Things I have seen this week:
An ocean sunfish (at the aquarium)
Lots of flats
The world’s tiniest language expert: Paco and Aura’s 16-month-old son, Luca, who speaks Italian, Romanian and Spanish. I normally despise small children, but Luca is quite the charmer.

 


 A man with a small dog, yesterday.


Christina:
“Wouldn’t it be nice to live somewhere hot and sunny and do lots of writing?About a year ago, I uttered words to that effect to Will. Instead of leaving it at that and returning to gazing out of a drizzly train window, we quit our jobs, said adios to postal strikes and David Cameron, and headed to Barcelona for a year-long sun-and-sangria-fuelled knees-up.
              
We’ve been here for a week and this is what we’ve done:

1. Found a flat in the centre of town, not through an agency. Hurray! We move in tomorrow.
2. Queued for two hours outside the foreigners’ office to get some forms for our NIE numbers. This is a number that every foreigner (or extranjero, if you want to know some espanol) needs in order to live here. It’s a tedious process.
3. Connected to Skype. This is big news and yesterday, I received my first Skype call from my friend Catherine. I went into a spin as her expectant face popped up on my computer screen and I scrambled about for the headphones.Catherine’s calling! I can see her! She’s in Hull and I’m in Barcelona! Wow! I remember experiencing similar awe when mum and dad first bought a video player and we watched a recording of the Smurfs.

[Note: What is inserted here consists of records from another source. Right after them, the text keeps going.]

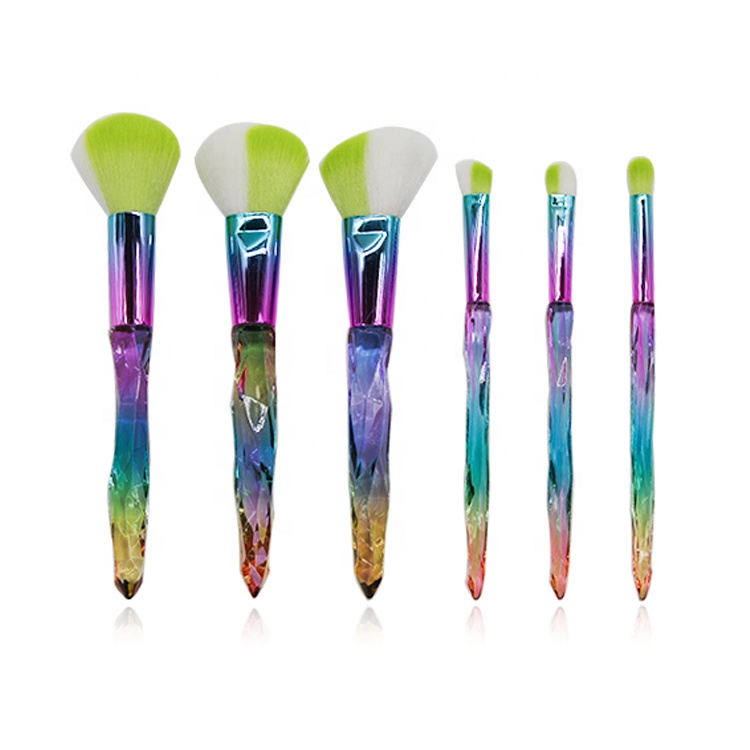 Custom high quality gradient plastic handle new style double color synthetic hair rainbow makeup brush set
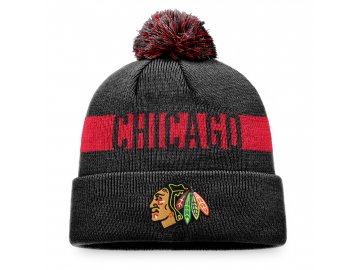 Pánská Zimní čepice Chicago Blackhawks Fundamental Beanie Cuff with Pom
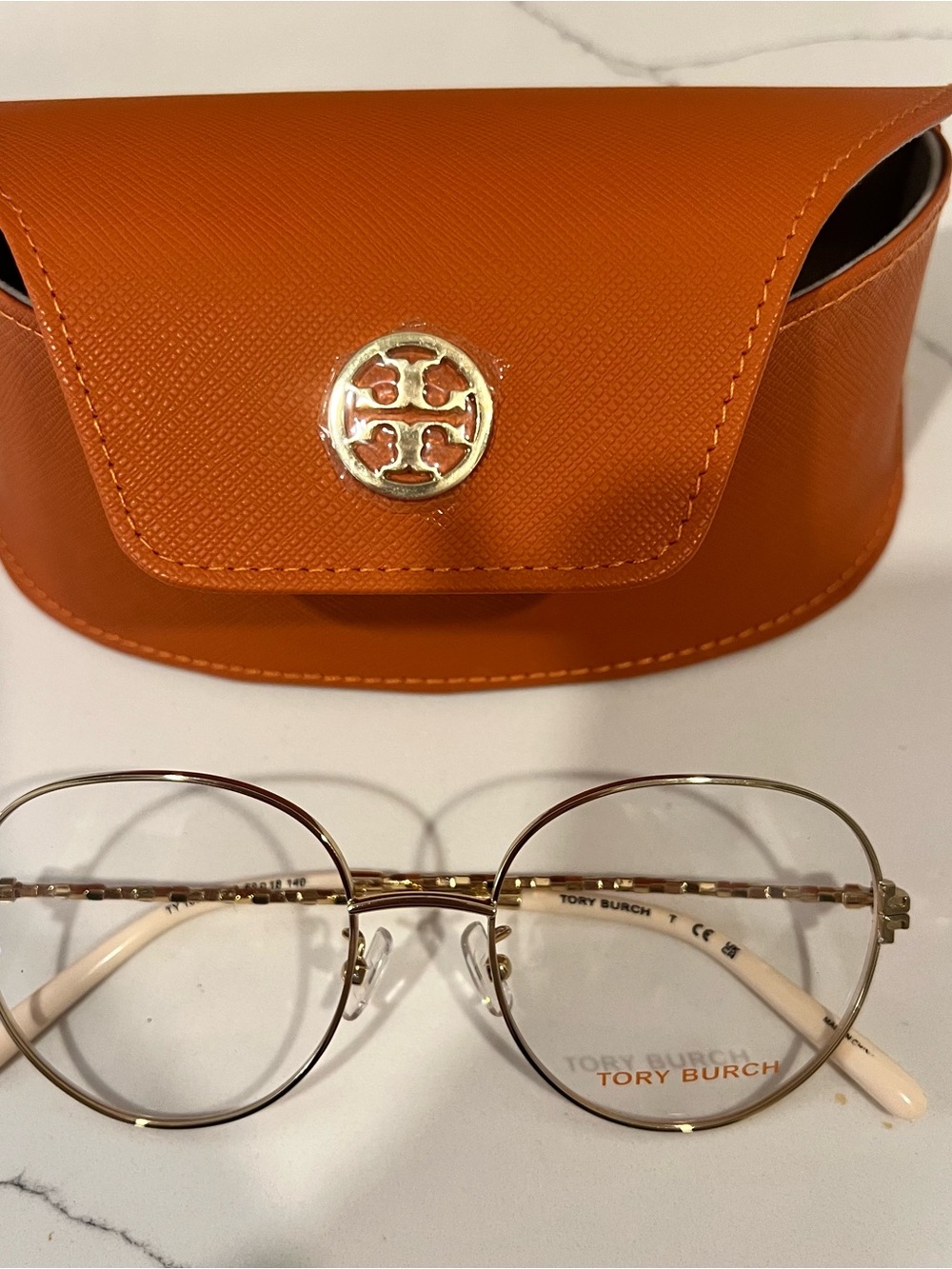 Tory Burch Gold Round Metal Frame Glasses with Case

Will and I have also replaced sloppy text messages with a daily bicker about subjects as diverse as Scrabble, slippers and coffee. We haven’t lived together before and it’s quite a challenge spending all our time together in a city where we have no friends and speak little Spanish. As I type, Will is in a sulk because he can’t find the cable that connects his camera to his laptop. It’s my fault, of course, just like it’s my fault he keeps losing his slippers (the lovely couple we’ve been staying with while we flat hunt, have provided us with slippers so that their 16-month old child doesn’t feast on the dirt from our shoes). “Where are they? You’ve hidden them!, he bellows at me with predictable regularity. I roll my eyes as he tears around the room, before eventually locating his fluffy footwear. It’s going to be a long year. 


Apparently this is a statue of Colombo – they must really love their TV detectives over here.